New York Times: Little Ewing’s Big Windfall

Downtown Ewing

Yesterday’s New York Times contained this story on little Ewing, Kentucky and its not-quite-really-new insurance tax (photo of Ewing’s downtown from the NYT):

Leaders of this town in the bluegrass country of northeast Kentucky are facing a problem any mayor would envy: how to spend a windfall.

Well, a small-town windfall at least. Ewing, population 300, has limped along for decades with no independent revenues, and its residents are fed up enough with having to pay county property taxes. But later this year, it will start collecting a grand total of $12,000 a year or more from a new tax that came about through quirks of fate and law.

…When Fleming County decided in 2007 to impose a 6 percent tax on insurance — home, business and car insurance and the first year’s premium of life insurance, basically anything but health insurance — town officials discovered they could turn this to their advantage.

Luckily, because of a previous odd twist, the town had officially incorporated itself years earlier. Under state rules, by adopting the same tax for the town, they could pre-empt the county. So later this year, Ewing will start receiving all insurance taxes collected from its residents. Since the residents would have had to pay the tax anyway, local officials feel they got a political pass.

“If we tried to adopt a tax, there would be a rebellion,” said Mr. Thomas, who runs a construction and renovation business.

“But the county passed it, and we just diverted it, so we weren’t the bad guys,” he said with a hearty laugh.

The prospect of unrestricted income “feels terrific,” he said.

As for the county executive who will lose expected revenue, “he was not exactly pleased,” Mr. Thomas wrote in an account of the maneuver on a rural affairs Web site, Daily Yonder.

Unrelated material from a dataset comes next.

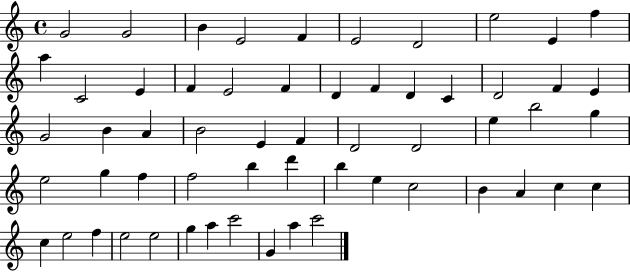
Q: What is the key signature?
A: C major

Ewing’s gone through a lot of the rough times that many small American towns have gone through in the past few decades, as small towns decline in population and rural jobs dry up. Frankly, we’d never heard of the Fleming County hamlet (just east of Cynthiana, near where our grandfather was born) so we were intrigued. Here’s what Robert N. Rennick’s indispensible Kentucky Place Names says about it:

This thriving village with p[ost] o[ffice] is on the L&N [railroad] and KY [highway] 165, 6 miles west of Flemingsburg. In 1871 Robert Ewing, Jr. (1815-84), who had acquired his father’s property, donated land to the then Maysville & Lexington [railroad] for its depot and right-of-way and, on November 10, 1873, established the local post office which he named for his family. The town was chartered in 1880.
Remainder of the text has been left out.